Los rituales de la muerte, en la obra de una nueva narradora argentina.
› Por Fernando Bogado
La hija
Gisela Antonuccio
Norma
120 páginas
Partamos de un principio pocas veces confesado: no hay nada más metódico que un entierro. Si se piensa seriamente, cada una de las acciones puestas con relación al momento de aparecer el cadáver hacen quedar al fallecido como un detalle, un catalizador que dispara la cruel gramática de la inhumación. La elección del ataúd correcto, la disyuntiva “pulsional” entre las materias constituyentes de la vida a la cual se regresará en la muerte (¿tierra o ceniza?), todas estas prácticas funcionan como índices de comportamientos sociales o de particulares personalidades. La hija, primera novela de la joven escritora argentina Gisela Antonuccio, retoma el problema del entierro casi antes que el recurrente tema literario de la madre muerta con el fin de hacer una completa reflexión sobre la vida, focalizándose en la perspectiva de la narradora cuya historia personal ha encontrado una molesta y complicada pausa en la vida cotidiana que invita al recuerdo y a la nostalgia, cualquiera sea su forma.
El texto comienza con Margarita transportando junto con los miembros de su familia más cercanos (su esposo, su hermano con mujer e hijos) el cuerpo sin vida de su madre al cementerio de Resistencia, Chaco, desde su hogar en Malabrigo, Santa Fe, en una combi familiar que hace las veces de carroza fúnebre. A partir de aquí, cada capítulo se encargará de retomar las diferentes vicisitudes del fallecimiento, desde el encuentro del cuerpo sin vida en posición fetal hasta la elección del ataúd o el imprescindible detalle del maquillaje mortuorio y la colocación del vestido de bodas.

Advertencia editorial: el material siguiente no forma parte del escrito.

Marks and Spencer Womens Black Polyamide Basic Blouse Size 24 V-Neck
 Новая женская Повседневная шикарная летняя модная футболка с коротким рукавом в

La autora consigue en su primera novela un estilo medido, exacto, en la línea del Camus de El extranjero o –para volvernos un tanto más locales– el Di Benedetto de Los suicidas: oraciones cortas, con pocos adjetivos, que nos remiten ante todo al lento pero no por eso menos efectivo sucederse de pequeñas tareas que los vivos llevan adelante frente a la presencia inquietante (¿totémica?) del muerto. Lo único objetable, quizás, es la ruptura de este clima opresivo en el último capítulo, desliz que no convierte por eso en menos disfrutable a la ópera prima de Antonuccio, miembro de una generación de nuevos escritores argentinos, algunos de cuyos representantes han aparecido en la antología La joven guardia, de 2005. En tal ejemplar, el lector se encontraba con el cuento “Siesta” de la ya mencionada autora, historia que presenta el mismo argumento –y hasta algunas oraciones similares– amplificado en esta novela corta con diversas situaciones, como la muy lograda descripción de la casa de Margarita invadida por los curiosos vecinos que, antes de despedir a un ser querido o mero conocido, cumplen con la obligación del llanto y la taza de café en la mano. La hija ganó el tercer premio Casa del Escritor con el título Malabrigo en el mismo año en que aparece “Siesta”, pudiendo contemplarse retrospectivamente dos versiones del mismo tema que dan las pistas de su posible génesis.
La hija es una novela breve que bucea –si algo puede decir Margarita de su madre es que era una buena nadadora– en las incómodas profundidades del recuerdo, lugar desde donde se mira con distancia, molestia o ironía las costumbres mortuorias heredadas de una familia o un pueblo entero. La (terrible, inquietante) ventaja con la que corren los muertos es que, de antemano, están exentos de tan molestas obligaciones.